====== The data ======

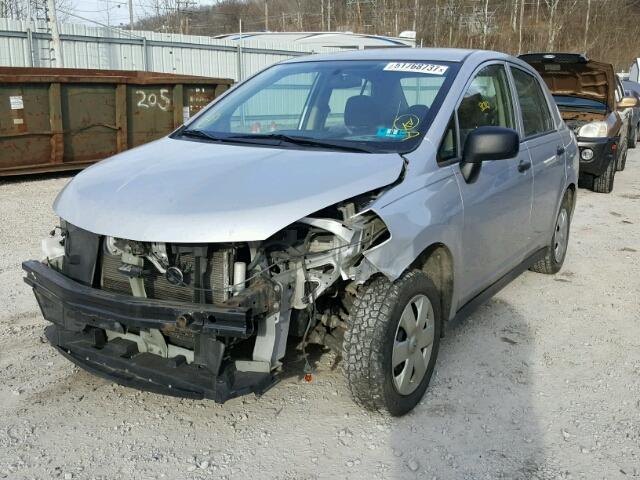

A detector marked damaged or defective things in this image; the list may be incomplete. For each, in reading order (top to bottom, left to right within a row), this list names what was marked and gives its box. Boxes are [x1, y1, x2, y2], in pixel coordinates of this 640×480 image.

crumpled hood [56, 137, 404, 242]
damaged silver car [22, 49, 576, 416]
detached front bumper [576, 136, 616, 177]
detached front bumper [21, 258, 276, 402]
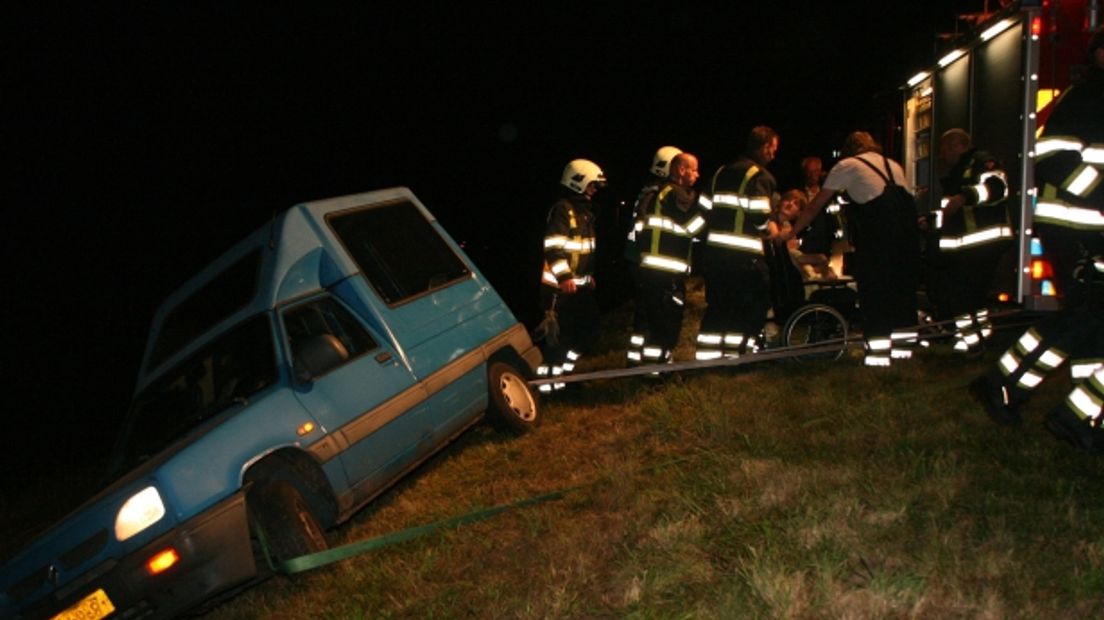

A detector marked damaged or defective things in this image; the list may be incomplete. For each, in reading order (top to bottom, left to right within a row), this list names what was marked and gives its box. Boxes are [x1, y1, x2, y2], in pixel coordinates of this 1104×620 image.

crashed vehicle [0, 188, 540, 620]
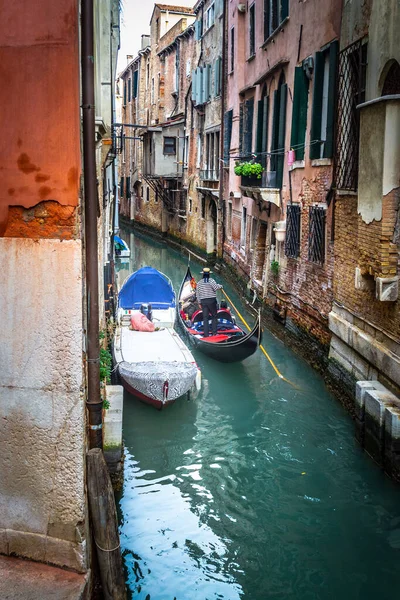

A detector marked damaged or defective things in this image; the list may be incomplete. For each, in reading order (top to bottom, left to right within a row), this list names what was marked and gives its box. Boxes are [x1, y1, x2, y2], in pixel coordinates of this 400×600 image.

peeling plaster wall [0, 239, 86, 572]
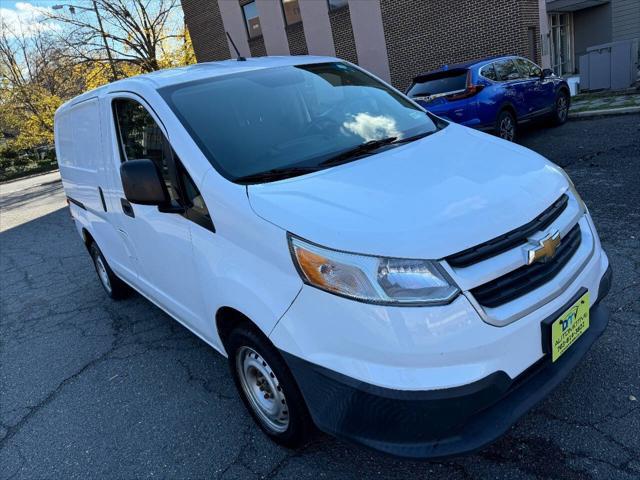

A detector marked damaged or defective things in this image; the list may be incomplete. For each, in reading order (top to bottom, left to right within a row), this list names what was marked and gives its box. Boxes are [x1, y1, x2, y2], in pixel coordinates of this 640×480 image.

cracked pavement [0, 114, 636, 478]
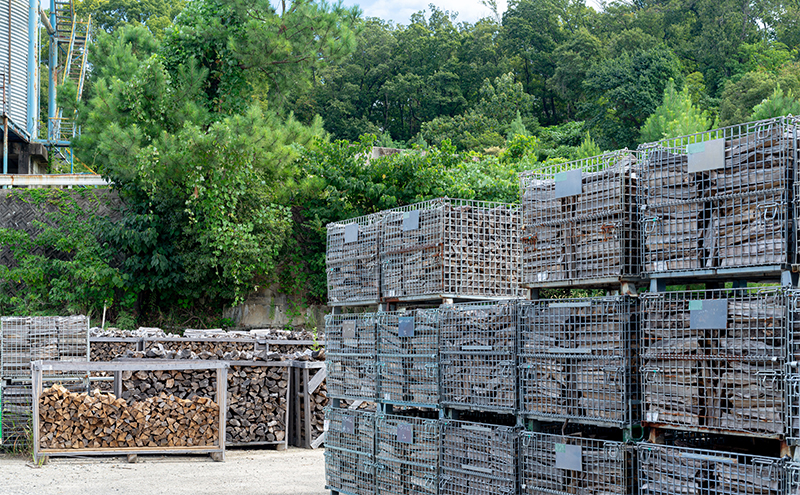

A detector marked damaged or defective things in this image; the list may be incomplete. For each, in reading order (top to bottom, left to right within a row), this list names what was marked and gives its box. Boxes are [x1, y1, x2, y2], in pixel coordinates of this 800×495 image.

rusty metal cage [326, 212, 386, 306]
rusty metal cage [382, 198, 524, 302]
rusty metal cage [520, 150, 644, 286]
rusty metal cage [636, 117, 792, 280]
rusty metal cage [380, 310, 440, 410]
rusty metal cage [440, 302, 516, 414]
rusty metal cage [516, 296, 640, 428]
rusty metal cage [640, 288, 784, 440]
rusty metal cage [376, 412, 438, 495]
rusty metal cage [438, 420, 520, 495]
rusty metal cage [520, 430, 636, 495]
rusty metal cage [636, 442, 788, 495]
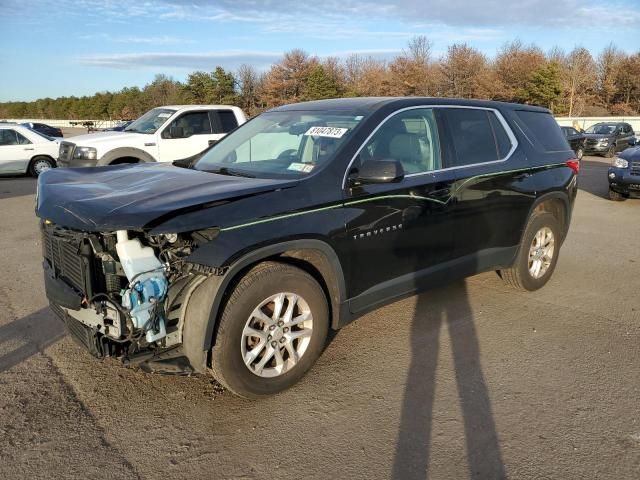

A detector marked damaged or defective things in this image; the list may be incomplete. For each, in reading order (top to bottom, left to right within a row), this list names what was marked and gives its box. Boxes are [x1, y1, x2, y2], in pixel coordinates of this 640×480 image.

======

What is needed is a word-for-word copy of the lines from the one containing "this 1104×620 image." through the final line of the records above, both included, with the pictures left out.

Exercise answer:
A detector marked damaged or defective things in this image; the list may be incomplete. For each, in reading order (top to bottom, left to right within a row), this list names what was marked and gives its box. Boxes are [x1, y1, x2, y2], in pixel coordinates of this 1104×620 image.

crashed vehicle [0, 188, 540, 620]

A detector marked damaged or defective things in this image; the list may be incomplete. For each, in reading order (top to bottom, left to right within a row), this list names what was marked and gives its box. Boxes are [x1, y1, x2, y2], in pixel coordinates of this 400×600 image.

peeling plaster wall [0, 239, 86, 572]

A detector marked damaged or defective things in this image; the list may be incomplete. For each, in reading order (top to bottom, left to right within a row), this list names what was marked and gives its box. Boxes are [x1, y1, x2, y2], in pixel coordinates of this 640×480 image.

cracked pavement [0, 114, 636, 478]

A detector marked damaged or defective things in this image; the list may be incomplete. For each, in reading order (top to bottom, left to right within a row), this list names what was marked and gives its box. Boxes are [x1, y1, x2, y2], in pixel coordinates of this 800×495 image.

rusty metal cage [326, 212, 386, 306]
rusty metal cage [382, 198, 524, 302]
rusty metal cage [520, 150, 644, 286]
rusty metal cage [636, 117, 792, 280]
rusty metal cage [380, 310, 440, 410]
rusty metal cage [440, 302, 516, 414]
rusty metal cage [516, 296, 640, 428]
rusty metal cage [640, 288, 784, 440]
rusty metal cage [376, 412, 438, 495]
rusty metal cage [438, 420, 520, 495]
rusty metal cage [520, 430, 636, 495]
rusty metal cage [636, 442, 788, 495]

A detector marked damaged or defective things in this image; the list may be incomplete. For each, in reading order (top to bottom, left to right within a row), this list names what was marked and gives its box. Boxes are [x1, y1, x2, y2], in pixel coordinates of this 640×480 image.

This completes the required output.